Punti linee superfici. Torino 1970
La mostra proposta è dedicata, senza pretese di esaustività, a una serie di artisti che hanno segnato la ricerca degli anni ’70 a Torino.
Comunicato stampa
Punti linee superfici. Torino 1970”. La mostra proposta è dedicata, senza pretese di esaustività, a una serie di artisti che hanno segnato la ricerca degli anni ’70 a Torino; una ricerca complessa anche da un punto di vista teoretico, iniziata in realtà a partire dalla fine degli anni ’60. L’intento è ricordare come diversi siano stati i modi di mettere in questione fondamenti e orizzonti della pittura attraverso destrutturazioni e scomposizioni analitiche del linguaggio formale; e la nostra mostra cerca di farlo immergendo il visitatore in una temperie artistica e culturale molto precisa e unitaria, a prescindere dalle singole, forti individualità che la hanno animata.
Il percorso espositivo si articola attraverso una selezione di opere di nove artisti: Mario Davico, Sandro De Alexandris, Marco Gastini, Gino Gorza, Giorgio Griffa, Horiki Kastutomi, Carol Rama, Piero Rambaudi, Mario Surbone. Passato ormai mezzo secolo abbiamo finalmente gli strumenti adeguati e la giusta prospettiva per cogliere e storicizzare l’essenza più intima della loro poetica. Per alcuni il passaggio tra i ’60 e i ’70 coincise con l’inizio di un riconoscibile percorso individuale, per altri con una messa a fuoco dei confini della propria indagine, per altri ancora con una pausa e una sosta rispetto al cardine fondamentale del loro linguaggio.
Davico e Horiki non hanno mai messo apertamente in discussione la materia della pittura o il metodo di disporla sulla tela: gli Assoluti di Davico, con la loro vibrante trama monocroma “tessuta” a tempera attraverso infiniti segni, testimoniano il punto di arrivo di un dipingere decantato quasi in segreto. Surbone invece, per realizzare i suoi Incisi, sostituiva al disegno l’intaglio “musicale” di forme geometriche a segmenti di profili lineari.
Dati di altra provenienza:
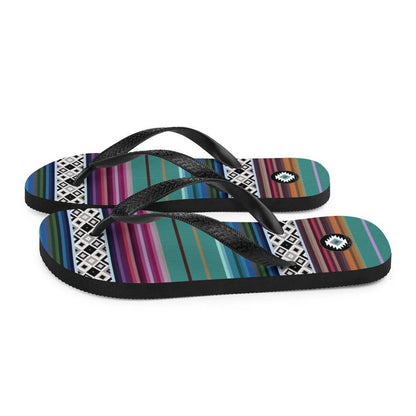 Mexican Aztec Flip Flops - The Global Wanderer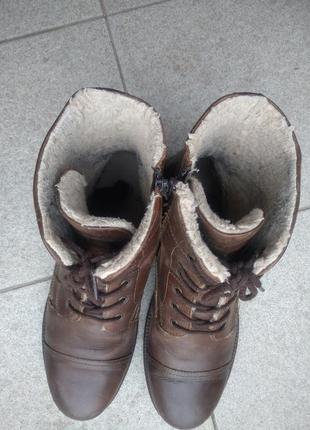 Зимові шкіряні черевики  германія8 фото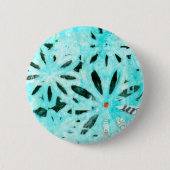 Gemengde Media Daisy Art Ronde Button 5,7 Cm (Voorkant)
Carol Rama, intorno al 1973-1974, approdò alla realizzazione di alcuni lavori con i fili, che la includono tra i protagonisti di questa mostra e che rappresentano una divagazione “minimalista” rispetto alle più note gomme.
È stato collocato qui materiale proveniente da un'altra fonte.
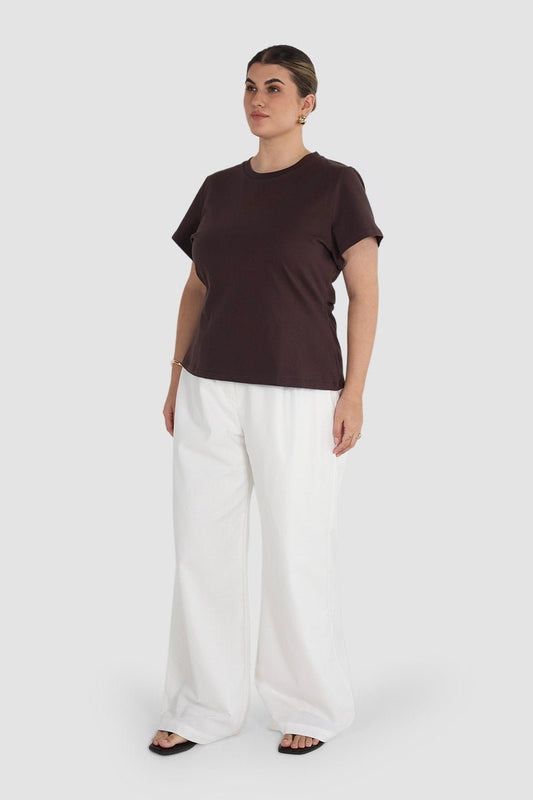 SIGNATURE SCULPT TEE ESPRESSO - Fayt The Label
Per Gorza la ragione dell’opera non risiede nella sua forma, ma come affermava egli stesso: «Valgono, in vece del formato, le direzioni indicate dallo spostamento dell’osservatore». In questo senso l’artista, attraverso l’atto creativo, gioca con la grammatica della percezione.
La scelta monocroma, per De Alexandris, non è segnata da una uniformità statica, ma è al contrario dinamica e vibrante, in quanto esito di un processo, di un costante tendere «verso». L’artista trasforma il bianco in un attivatore di luce, in un reagente cui è affidato il compito di mettere l’opera in connessione con lo spazio che la accoglie.
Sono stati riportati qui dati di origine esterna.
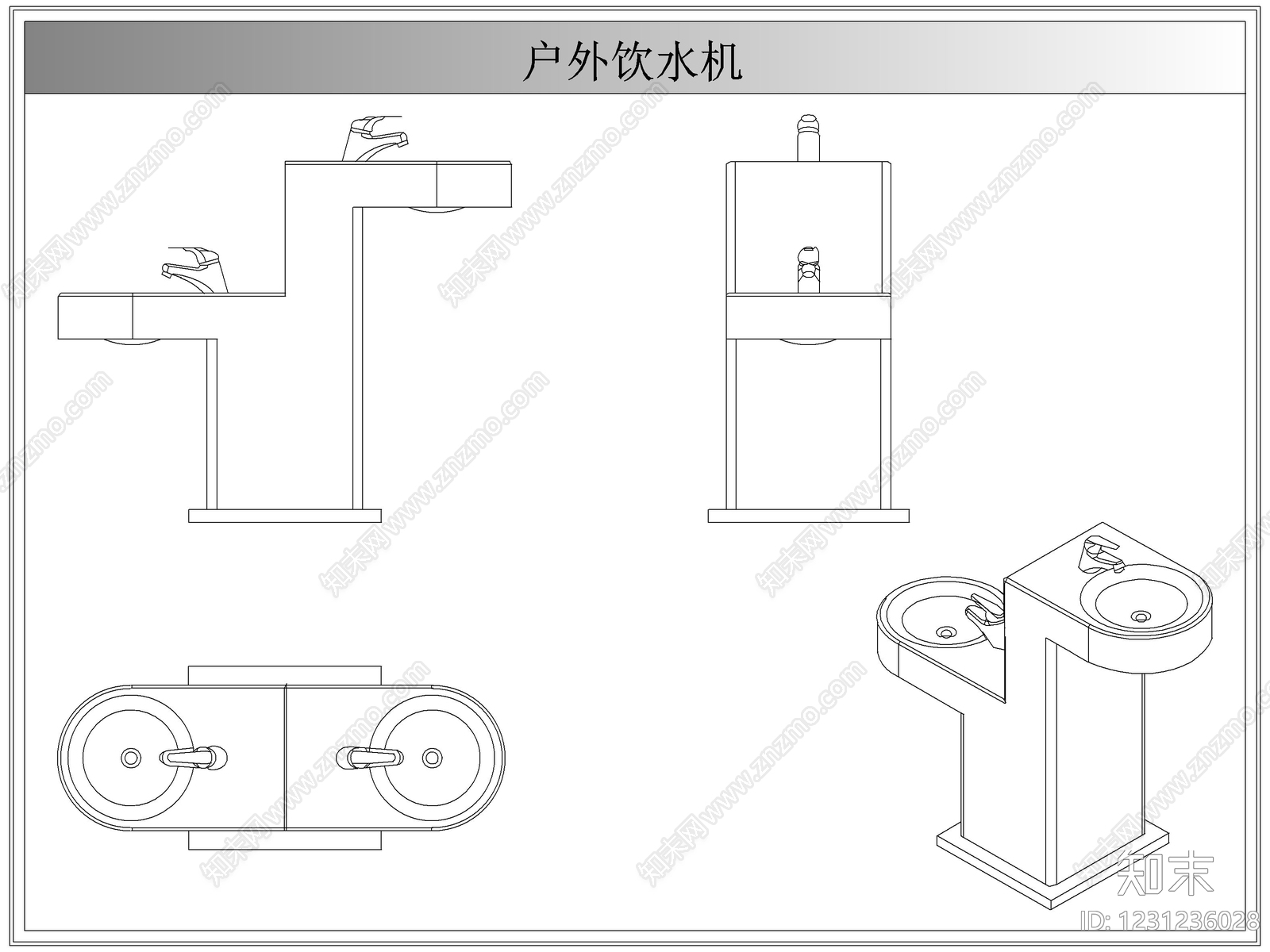 综合器材设备图库CAD图纸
Marco Gastini in quegli anni realizzava un tipo di pittura senza pennelli, senza colori, senza tela; iniziava proprio allora a usare il plexiglas in bacchetta o delle lastre su cui faceva cadere macchie di pittura, oppure colate di piombo o antimonio. Il suo lavoro si legava a quello di Giorgio Griffa, con il quale allestì un’importante rassegna nel 1972. Quest’ultimo rimane tuttavia per lo più solitario e non inquadrabile in una corrente specifica: in mostra, accanto a due opere costituite da tragitti lineari, esponiamo un dipinto del 1967, presentato da Griffa alla personale d’esordio alla Galleria Martano (1968).
Piero Rambaudi, infine, autentico outsider accostatosi in quegli anni alla cibernetica, sperimentava in ogni suo progetto un’estesissima possibilità di variazioni, in una continua tensione dialettica tra finito e infinito, tra serie e variazione, tra norma e trasgressione.